Le CGAP propulse FinEquity, qui rassemble 1 300 personnes membres de 450 institutions à travers le monde. C'est une ressource précieuse pour organiser, apprendre et co-créer autour de nouvelles façons de combler l'écart entre les sexes dans la finance, et sans seulement cocher des cases roses.
Notre travail sur les paiements de gouvernement à personne (ou G2P) est repris par la Banque mondiale et mis en œuvre sur plusieurs marchés. Il est également très favorable aux femmes, car il leur permet de savoir où et comment elles peuvent obtenir des paiements sociaux. Nous devons explorer comment ces systèmes pourraient contribuer à faire avancer l’inclusion financière des femmes de manière plus significative. Nous étudions également la manière dont les normes sociales entravent l’accès des femmes aux services financiers et leur utilisation.
Nous travaillons sur l'émergence de nouvelles opportunités pour les femmes, notamment les plateformes de travail temporaire et le commerce en ligne informel. Nous étudions comment ces plateformes sont utilisées et comment les services financiers sont optimisés. Il semble que de nombreuses opportunités intéressantes se présentent aux femmes, mais le CGAP accordera une attention toute particulière aux risques de ces nouveaux phénomènes.
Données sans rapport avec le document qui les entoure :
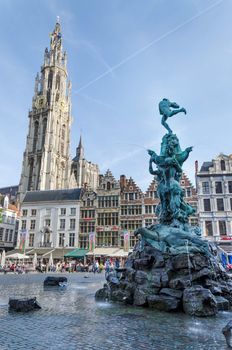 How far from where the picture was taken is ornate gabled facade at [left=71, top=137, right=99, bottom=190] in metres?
96.6

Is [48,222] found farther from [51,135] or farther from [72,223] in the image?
[51,135]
Par exemple, j'ai récemment utilisé une plateforme de service et j'ai été surprise de constater que l’employée a reçu moins d'un tiers de ce que j'ai payé à la plateforme ! Nous sommes enthousiasmés par les opportunités de nouvelles plateformes, mais il est important de ne pas ignorer les risques d'exploitation des personnes vulnérables. Le CGAP a beaucoup appris de certains cas où les femmes engagées dans le commerce informel en ligne sont confinées chez elles, car leurs familles affirment qu'elles n'ont plus besoin de quitter la maison. L'approche du CGAP consiste à comprendre la manière dont les femmes s’engagent, afin de déterminer ce qui constitue une opportunité ou un risque.
Le travail du CGAP sur les réseaux de distribution d'agents « au dernier kilomètre » a également un impact sur l’égalité des sexes. Par exemple, vous ne pouvez pas amener les femmes à utiliser le système de paiement en espèces si elles ne peuvent pas parler avec des agents masculins.
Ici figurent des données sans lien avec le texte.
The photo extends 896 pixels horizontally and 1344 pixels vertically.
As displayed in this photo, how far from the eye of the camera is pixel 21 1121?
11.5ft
Tout au long de ma carrière, j'ai visité des IMF en Amérique latine, en Asie et en Afrique et j'ai rencontré de nombreuses femmes entrepreneures inspirantes. En Amérique latine, où j'ai passé de nombreuses années, beaucoup de femmes dirigent des institutions de microfinance, ou sont à la tête de succursales. La microfinance est un excellent exemple d'un outil adapté aux femmes qui a réussi à intégrer des services financiers responsables et une gestion des relations sur le terrain. La plupart de ces institutions prêtent davantage aux femmes car les femmes présentent un meilleur risque de crédit. Malheureusement, la microfinance est un peu dépassée de nos jours, mais il y a beaucoup à apprendre.
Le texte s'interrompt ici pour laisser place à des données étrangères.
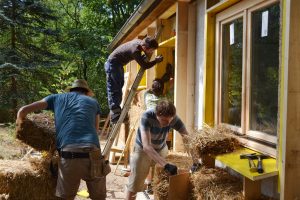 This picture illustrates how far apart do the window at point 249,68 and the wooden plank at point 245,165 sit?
0.26 meters

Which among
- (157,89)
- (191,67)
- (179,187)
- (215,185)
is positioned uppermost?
(191,67)

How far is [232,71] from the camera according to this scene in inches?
177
À l’avenir, il reste encore beaucoup à faire pour que les femmes soient représentées. Vous allez dans une banque centrale et il n'y a pas de femmes. Les gens qui établissent les règles dans le secteur financier sont des hommes. Les femmes doivent avoir un rôle à jouer. Il s'agit d'une dynamique du pouvoir. Tant que les femmes joueront des rôles administratifs, il sera difficile de changer la situation actuelle. Il y a une tonne de travail à faire pour mettre les femmes en avant. Il s’agit de placer des femmes au Parlement, des femmes dans le système judiciaire, des femmes dans les affaires - et des femmes dans les finances.
J'aimerais qu'il y ait une réponse facile, mais je ne pense pas qu'il y en ait. Ça va être un travail difficile.